自民党・情報通信戦略調査会での議論に関する民放労連声明

2022年3月11日
日本民間放送労働組合連合会
中央執行委員長代行 小寺 健一

 自民党の情報通信戦略調査会は3月9日、民放連とNHKの専務理事の出席を求め、放送倫理・番組向上機構(BPO)やテレビ各局の番組審議会の活動状況について質疑を行った、と民放のニュースが報じました。「BPOや番組審議会が本当に機能しているのか審議したい」という趣旨で、出席した議員からは「テレビ局がネットだけに流す番組もBPOの対象になるのか」「不祥事を起こした政治家が不快な表情をする映像が流れていることに対しBPOは注意しないのか」「BPO委員の人選に国会が関われないか提起したい」といった質問や見解が出されたそうです。

 BPOは、NHKと民放連が共同で2003年に設立した第三者機関です。その委員の人選は、放送局の役職員以外で構成された評議員会によって選任されるなど、放送界からは自立した運営が行われるような工夫がなされています。放送番組をめぐる問題について、BPOでは専門家らが真摯に議論を重ね、多数の意見を社会に公表して放送局に改善を促してきたほか、各地で番組制作者や視聴者を対象にしたセミナー等を開催して、番組の質の向上や放送倫理の確立に大きな努力を払ってきました。
 これらの活動は、権力の介入を排して放送の自律をはかり、視聴者との関係を通じて放送番組の向上をめざすものです。このような存在は世界でも類例がなく、言論・表現の自由を保障する日本国憲法や放送番組編集の自由を保障する放送法の精神を体現するものとして、人々の間で定着しています。

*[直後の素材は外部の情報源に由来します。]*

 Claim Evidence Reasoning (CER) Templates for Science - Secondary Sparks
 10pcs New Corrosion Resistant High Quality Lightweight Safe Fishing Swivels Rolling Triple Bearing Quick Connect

 自民党内では安倍政権以降、BPOの法制化・権限強化や委員選出への国会関与を求める意見を強めています。しかし、今回明らかになった議論では、政治家の映像の使用に関わる意見など、自らの都合のいいように放送番組を左右しようという稚拙な発想もうかがえます。自民党議員はむしろ、第三条「放送番組は、法律に定める権限に基づく場合でなければ、何人からも干渉され、又は規律されることがない」と明記されている放送法について、一から学びなおすべきでしょう。ましてや「BPOの人選に国会が関わる」ようなことは、前述の「権力の介入を排して放送の自律をはかる」BPO設立の理念に反するもので、認めるわけにはいきません。

 ロシアが突然ウクライナに侵略戦争をしかけ、国際的に緊迫した情勢の下で、虚実入り乱れた情報が錯綜しています。このように人々の情報環境にも大きな影響が及んでいる状況で、私たち民主主義社会の基盤となる言論・表現の自由を脅かすような論議が政権与党内で行われていることに対して、私たちは放送で働く者として、強く抗議します。

 この問題に関するメディアの報道が乏しいことも懸念されます。言論・表現の自由、放送の自由をめぐる重大な問題について、もっと考える機会と材料を提供してほしいと思います。そして、放送の自律・メディアの独立を確保して、視聴者の皆さんとともに、よりよい市民社会を築き上げていきたいと考えます。